• PROBLEM DESCRIPTION
Restate word for word the entries below, starting at the line with "an aerial view" and ending at the line with "Young female pointing". Keep both end lines and omit the pictures.

• SOURCE DATA
================================
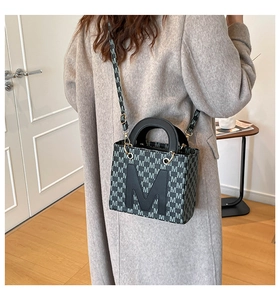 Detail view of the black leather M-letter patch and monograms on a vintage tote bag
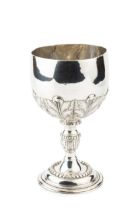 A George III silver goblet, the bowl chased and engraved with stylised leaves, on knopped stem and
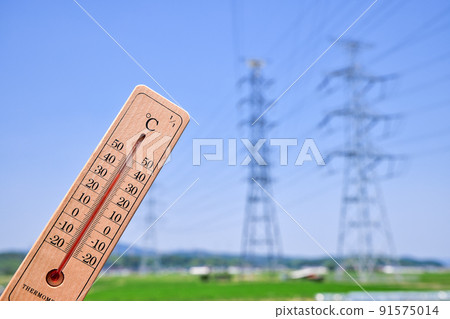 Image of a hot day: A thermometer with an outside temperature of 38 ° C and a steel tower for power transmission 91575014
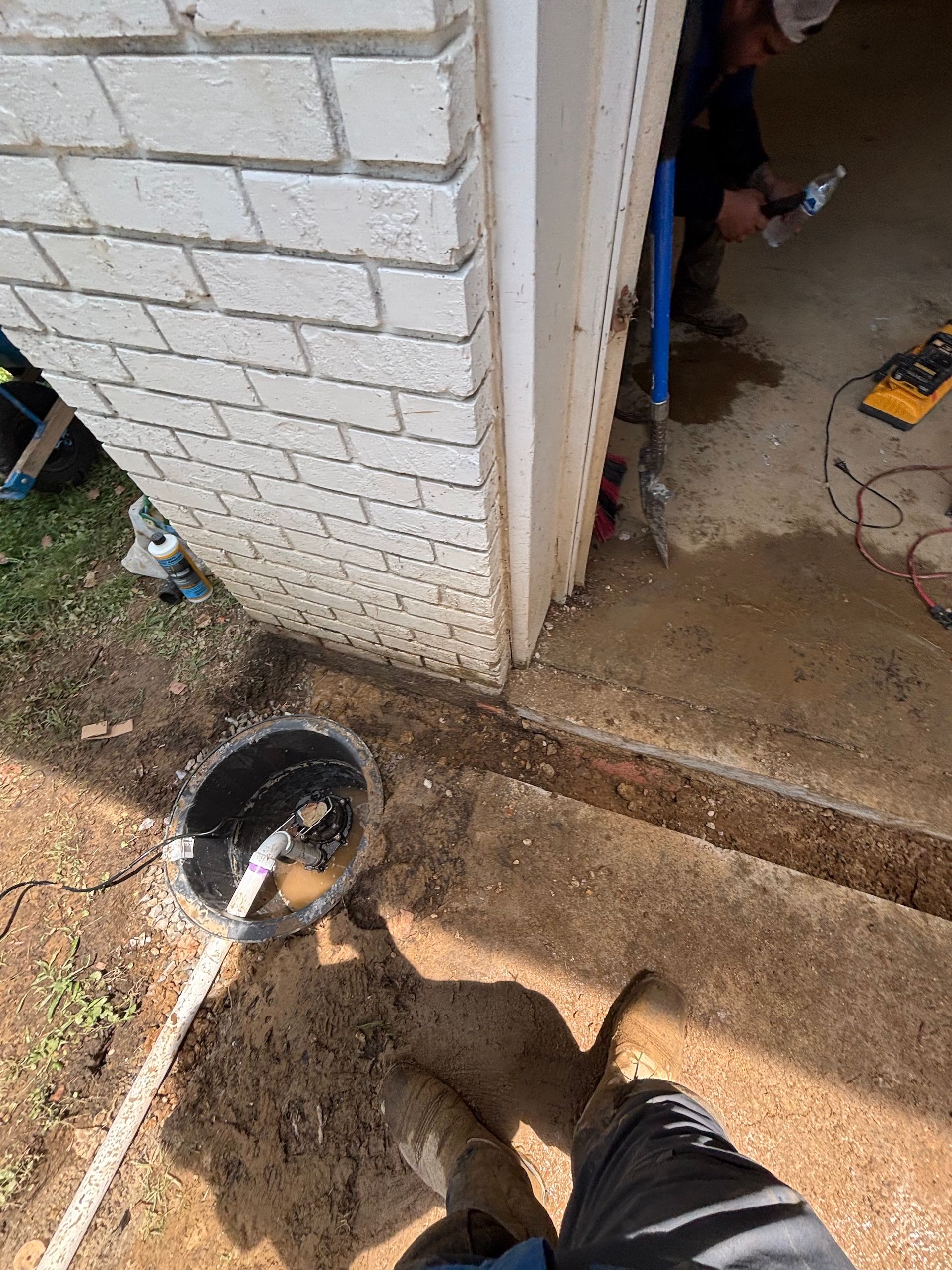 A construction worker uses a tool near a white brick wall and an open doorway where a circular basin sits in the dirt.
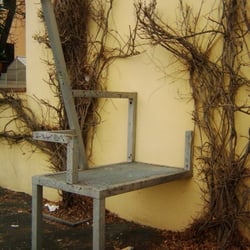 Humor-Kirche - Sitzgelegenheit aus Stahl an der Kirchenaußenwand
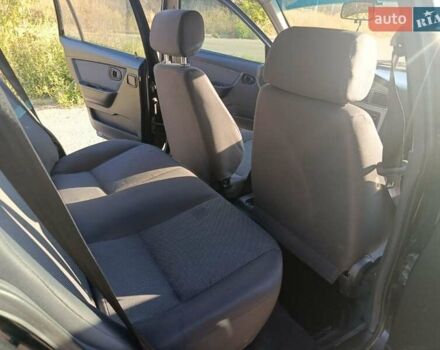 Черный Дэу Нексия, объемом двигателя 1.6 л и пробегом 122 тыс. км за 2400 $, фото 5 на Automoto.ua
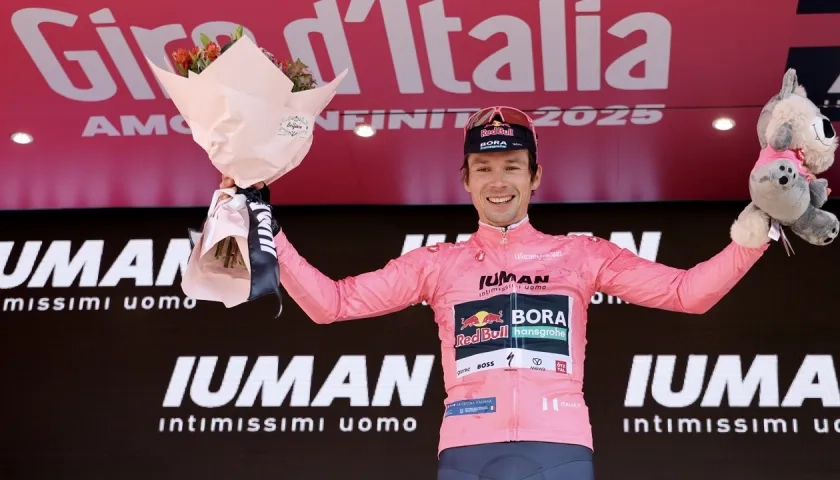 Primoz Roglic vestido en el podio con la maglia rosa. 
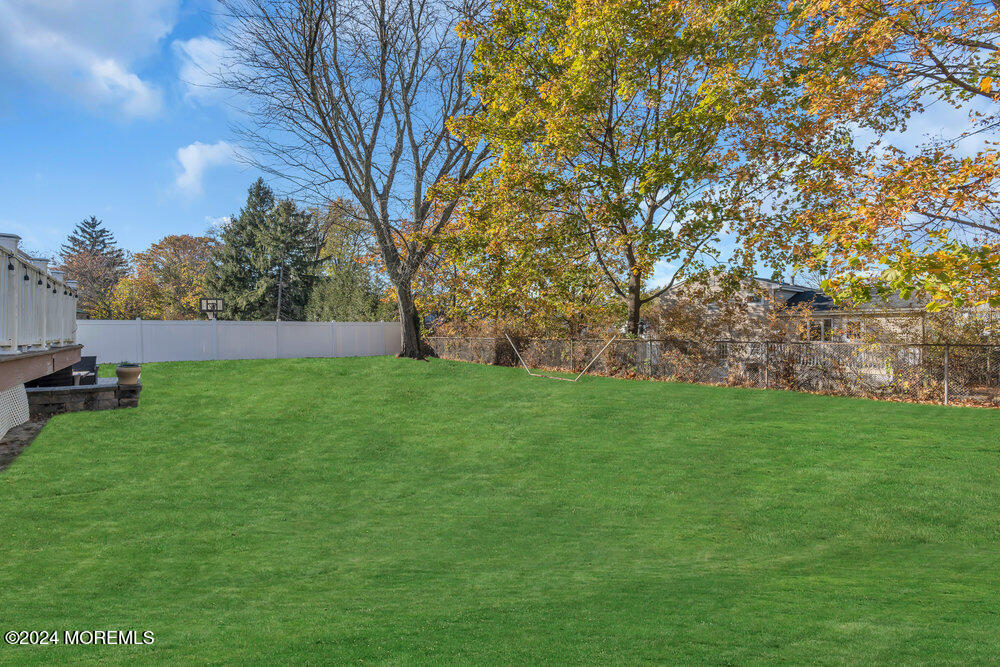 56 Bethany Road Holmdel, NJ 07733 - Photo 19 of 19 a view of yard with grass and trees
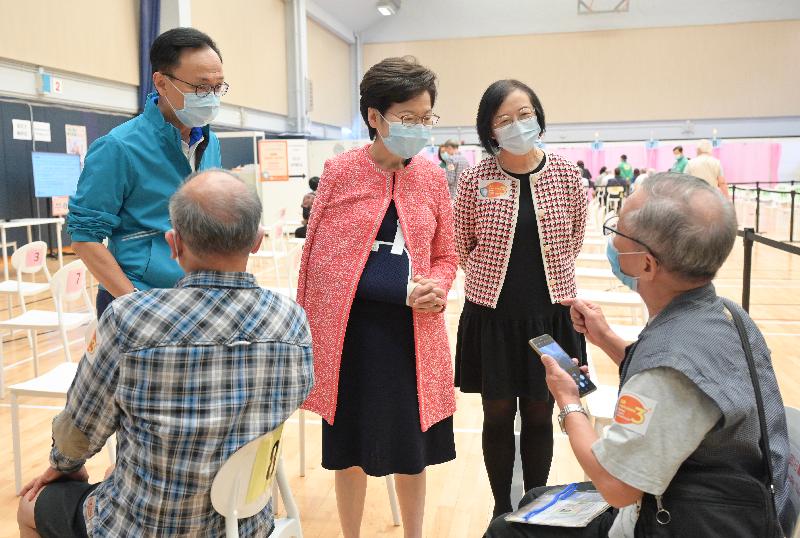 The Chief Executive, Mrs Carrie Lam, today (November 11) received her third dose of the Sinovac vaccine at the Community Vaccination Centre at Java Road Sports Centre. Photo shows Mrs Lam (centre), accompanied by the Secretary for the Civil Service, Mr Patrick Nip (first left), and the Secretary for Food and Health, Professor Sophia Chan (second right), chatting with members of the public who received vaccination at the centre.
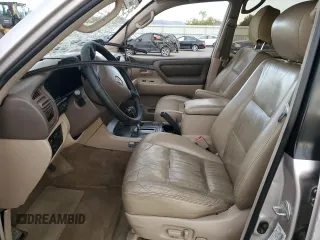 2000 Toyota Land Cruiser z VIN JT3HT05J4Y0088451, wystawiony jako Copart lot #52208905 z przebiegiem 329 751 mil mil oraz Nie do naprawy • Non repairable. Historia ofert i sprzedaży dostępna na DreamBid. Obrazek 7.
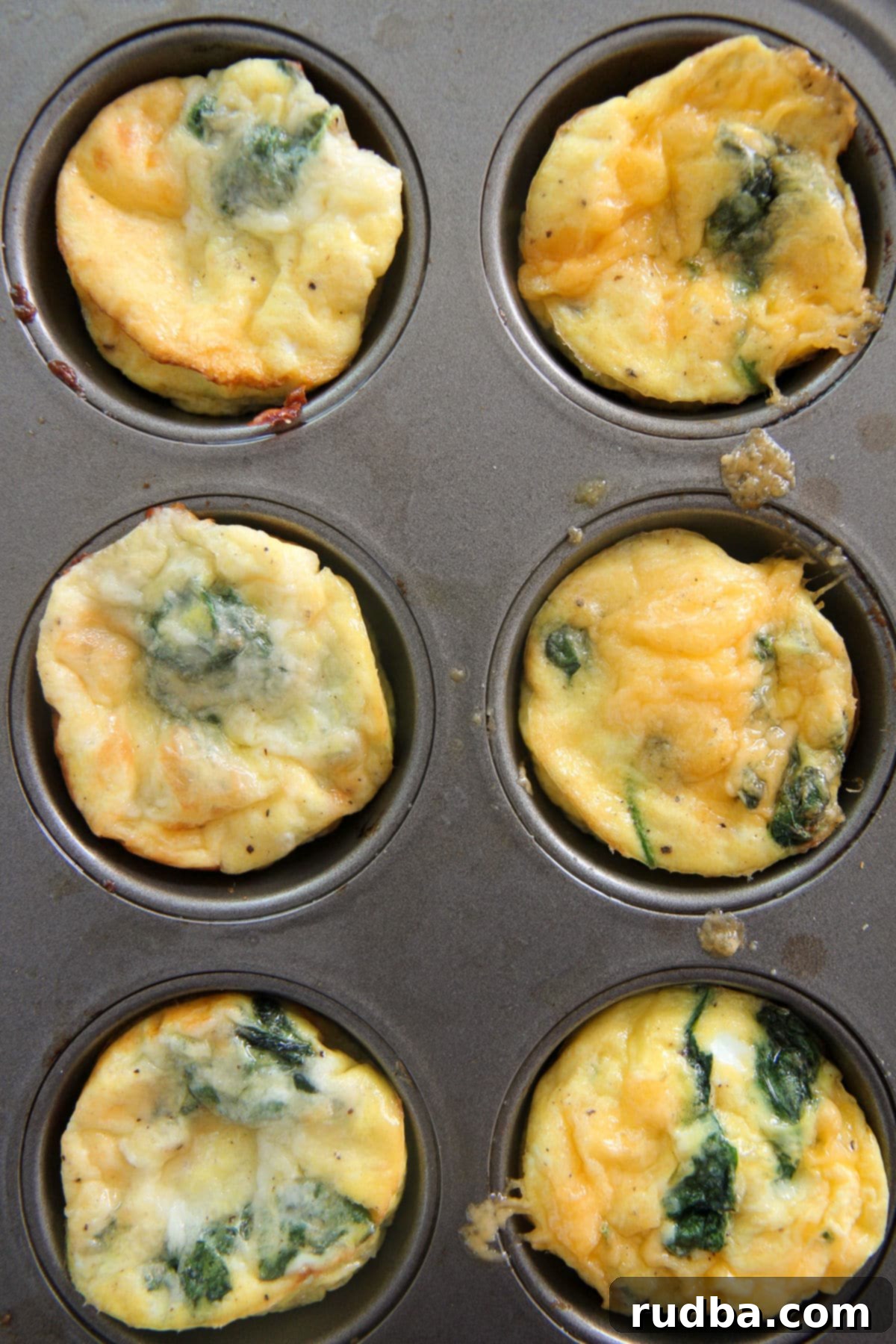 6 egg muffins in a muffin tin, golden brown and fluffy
================================
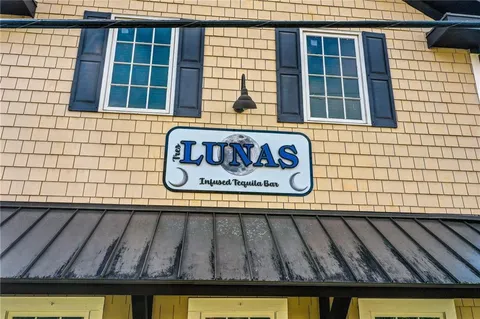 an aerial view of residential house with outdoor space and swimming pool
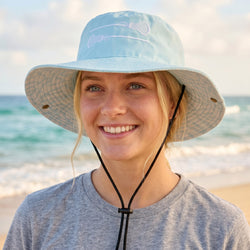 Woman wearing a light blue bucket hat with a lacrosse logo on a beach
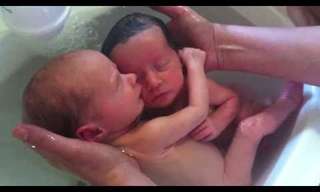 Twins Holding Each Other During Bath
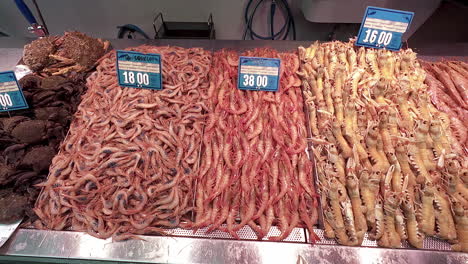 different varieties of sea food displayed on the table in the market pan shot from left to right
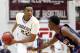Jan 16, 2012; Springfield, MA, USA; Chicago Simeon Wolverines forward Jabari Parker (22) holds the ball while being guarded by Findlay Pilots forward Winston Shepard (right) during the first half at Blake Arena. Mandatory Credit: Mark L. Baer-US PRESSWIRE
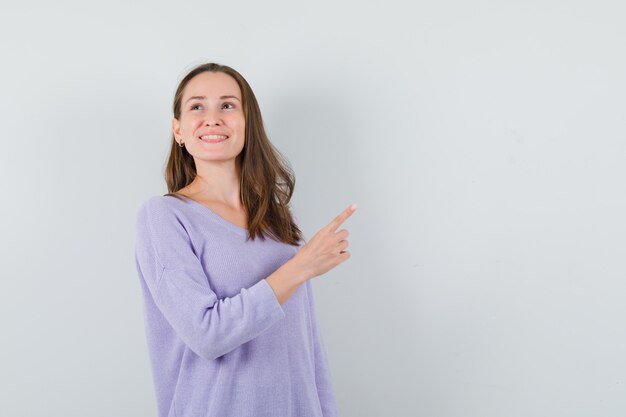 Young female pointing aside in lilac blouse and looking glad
================================
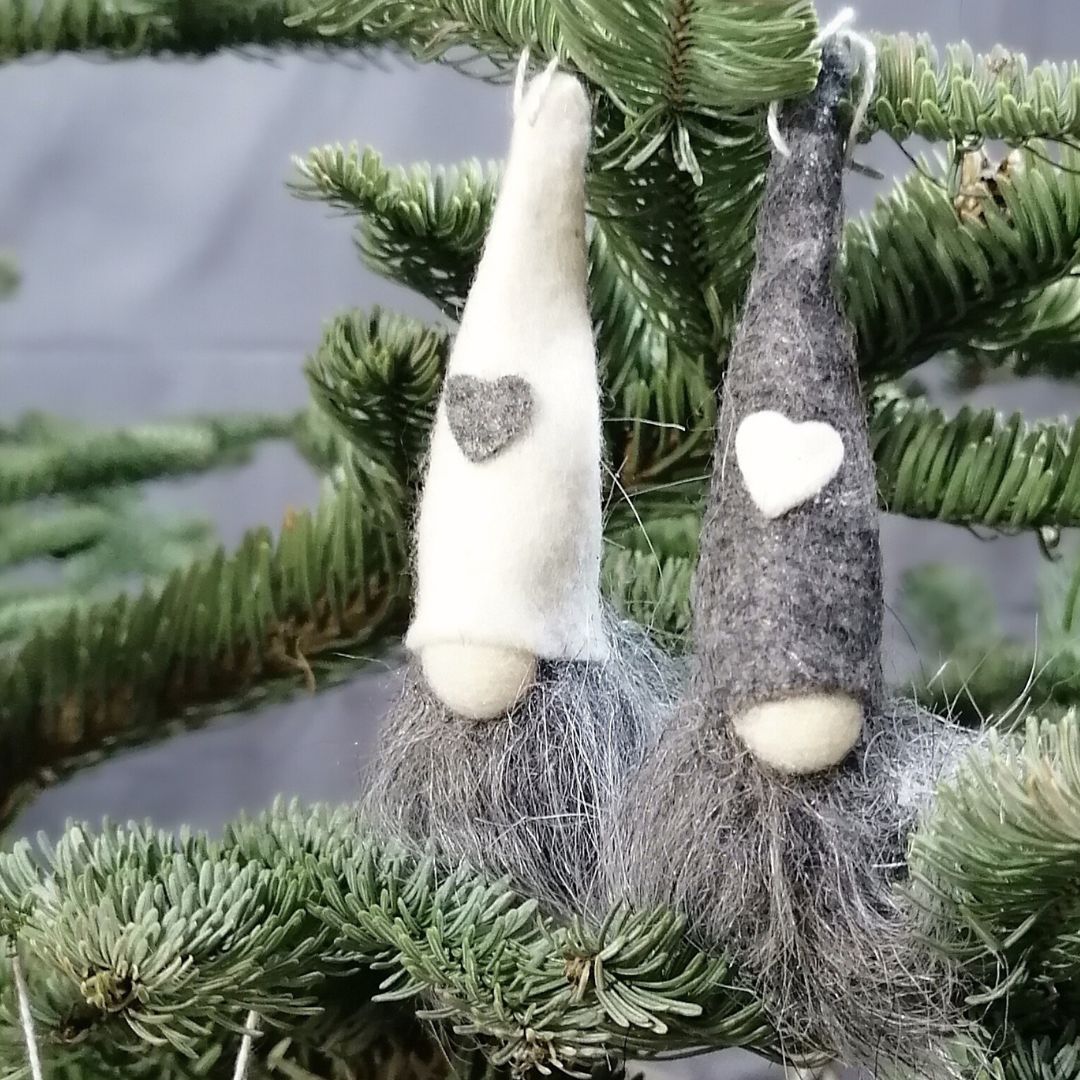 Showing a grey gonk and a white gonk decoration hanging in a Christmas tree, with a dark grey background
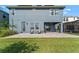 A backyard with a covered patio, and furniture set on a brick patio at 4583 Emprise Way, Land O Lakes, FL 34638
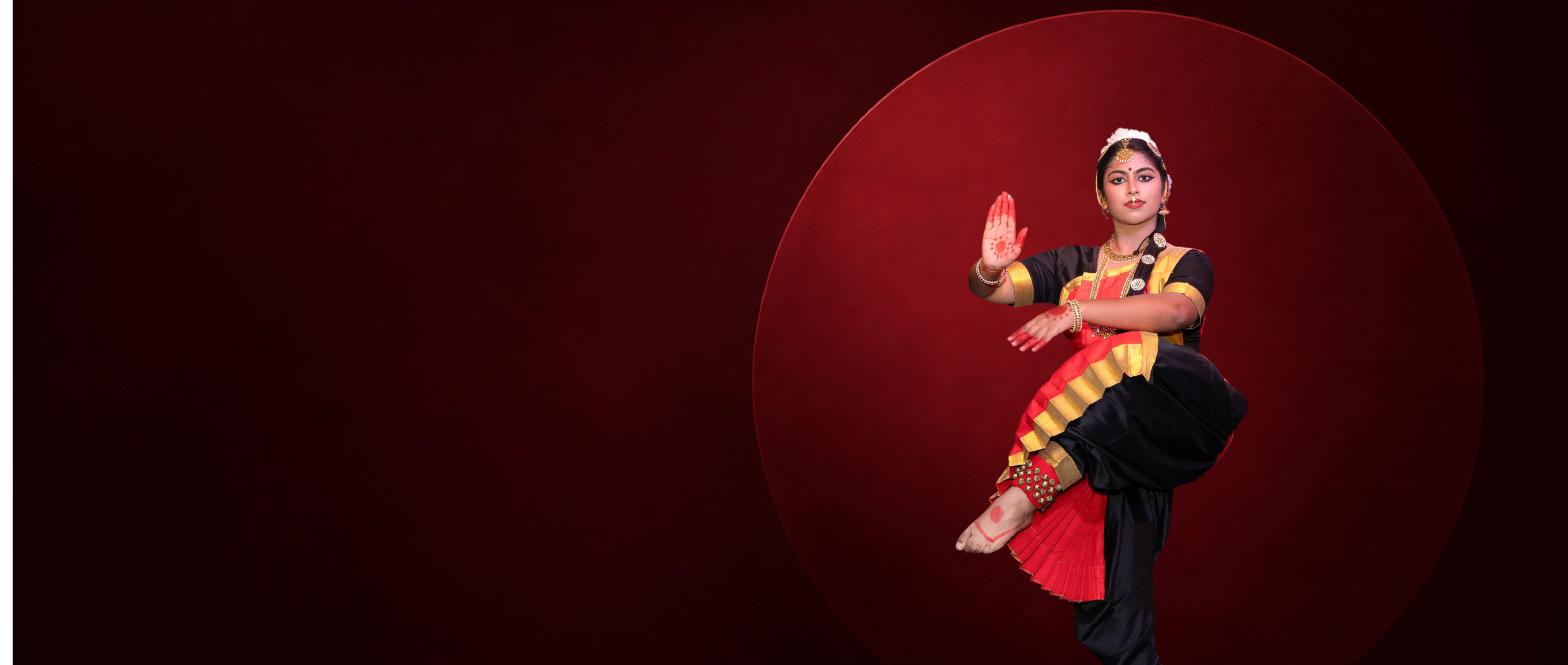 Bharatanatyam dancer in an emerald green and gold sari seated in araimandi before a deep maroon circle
================================
• RESULT FOR THIS EXERCISE
 an aerial view of residential house with outdoor space and swimming pool
 Woman wearing a light blue bucket hat with a lacrosse logo on a beach
 Twins Holding Each Other During Bath
 different varieties of sea food displayed on the table in the market pan shot from left to right
Jan 16, 2012; Springfield, MA, USA; Chicago Simeon Wolverines forward Jabari Parker (22) holds the ball while being guarded by Findlay Pilots forward Winston Shepard (right) during the first half at Blake Arena. Mandatory Credit: Mark L. Baer-US PRESSWIRE
 Young female pointing aside in lilac blouse and looking glad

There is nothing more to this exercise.